## PROBLEM DETAILS
Output the line that contains "volvo parts diagram" together with each line after it, through the final line of the listing below, word for word; omit pictures.
*-*-*
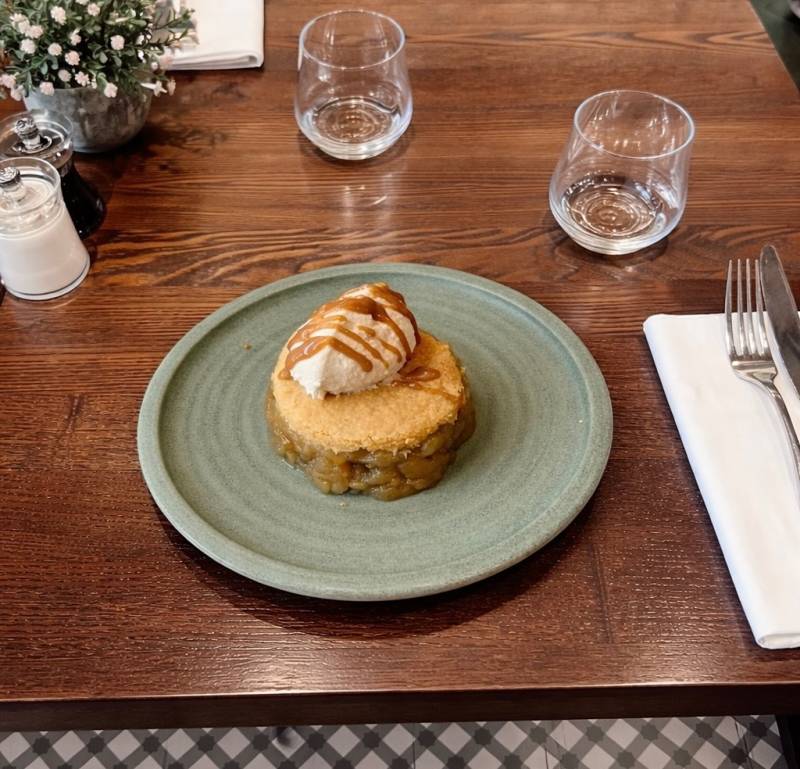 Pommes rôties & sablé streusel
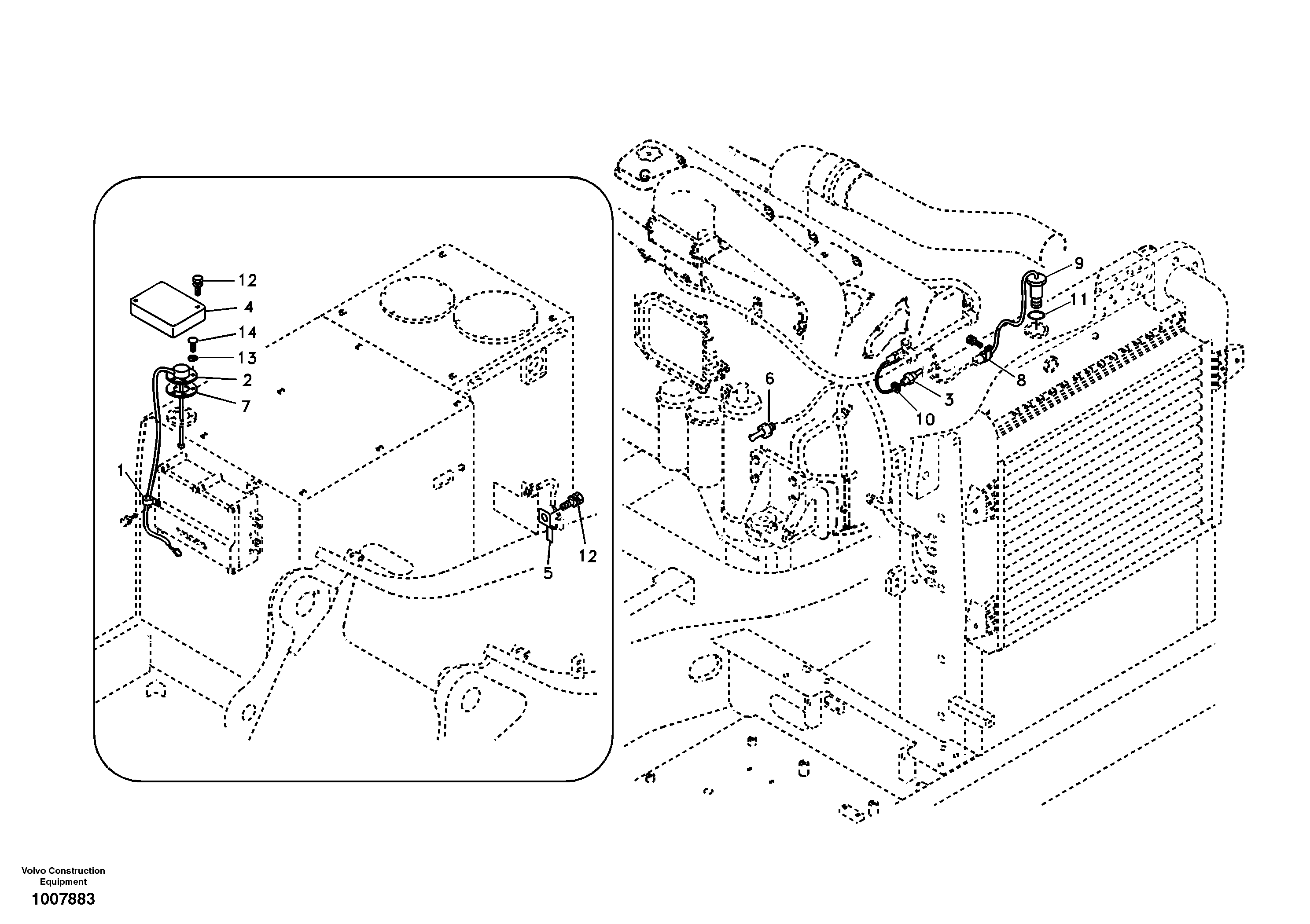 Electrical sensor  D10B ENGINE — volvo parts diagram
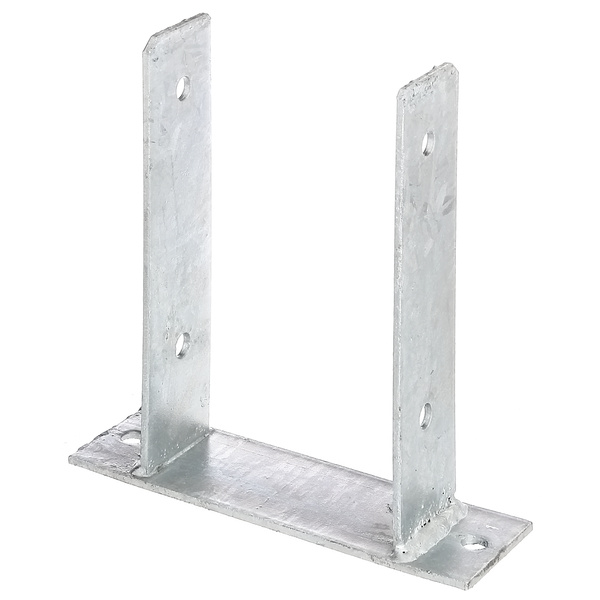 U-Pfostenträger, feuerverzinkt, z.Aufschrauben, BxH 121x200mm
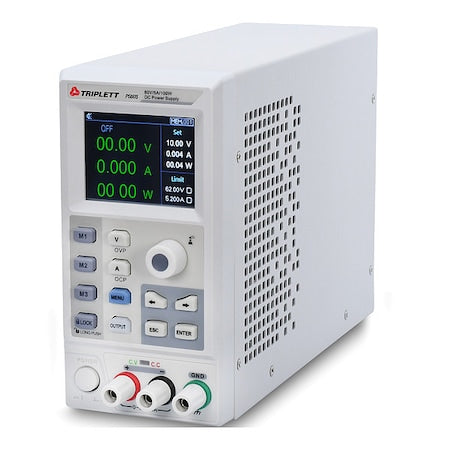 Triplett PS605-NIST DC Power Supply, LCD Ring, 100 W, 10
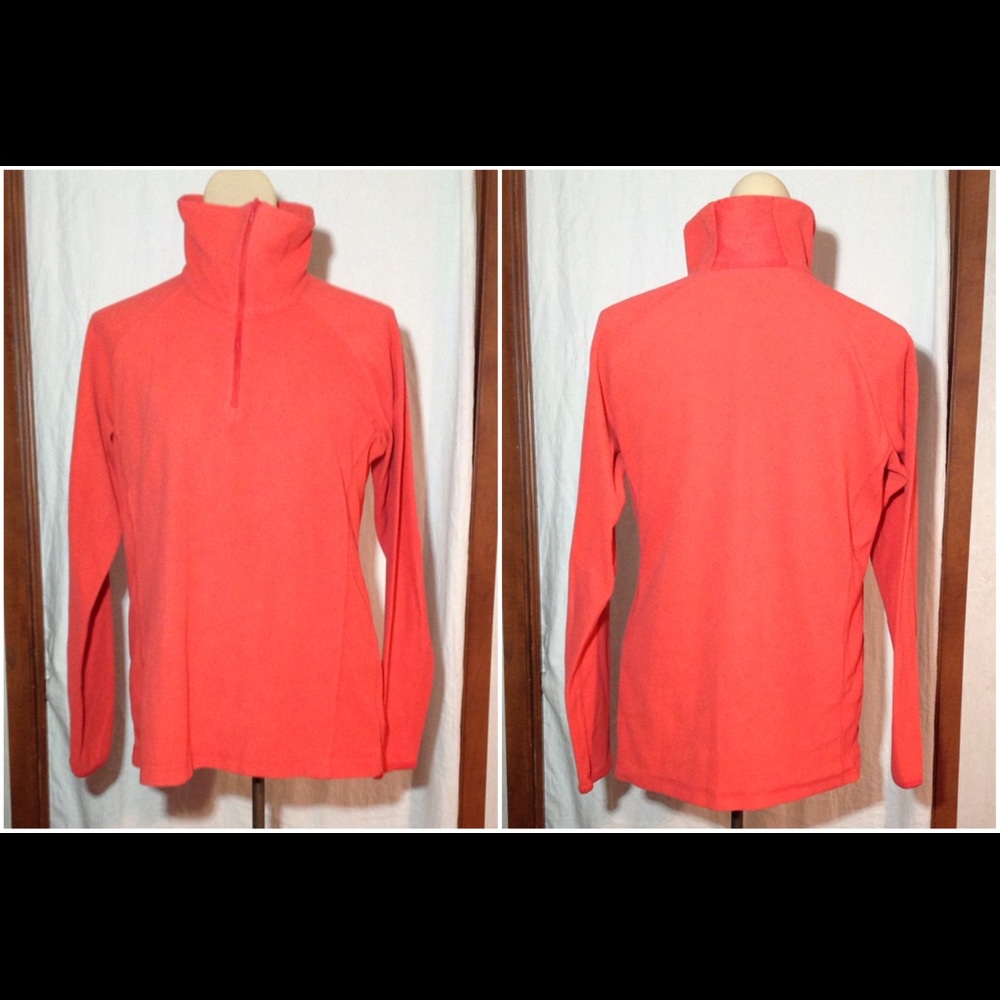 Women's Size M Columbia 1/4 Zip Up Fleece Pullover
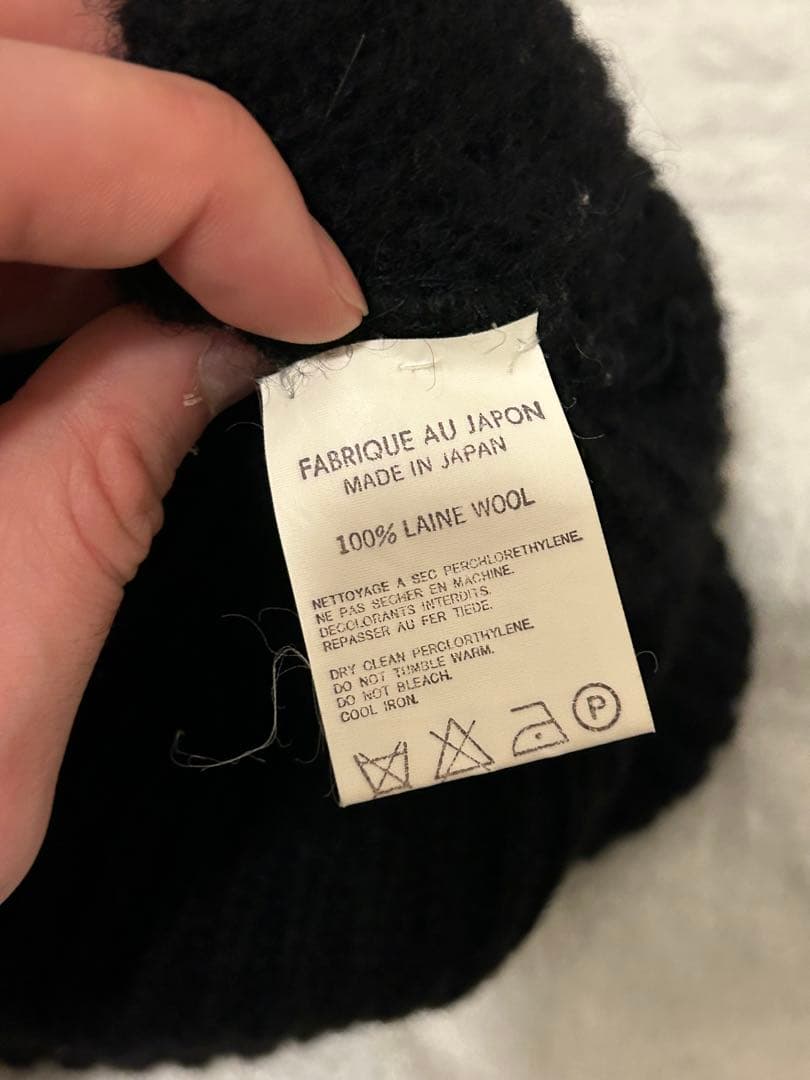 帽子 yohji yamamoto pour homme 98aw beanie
*-*-*
## FINAL ANSWER
 Electrical sensor  D10B ENGINE — volvo parts diagram
 U-Pfostenträger, feuerverzinkt, z.Aufschrauben, BxH 121x200mm
 Triplett PS605-NIST DC Power Supply, LCD Ring, 100 W, 10
 Women's Size M Columbia 1/4 Zip Up Fleece Pullover
 帽子 yohji yamamoto pour homme 98aw beanie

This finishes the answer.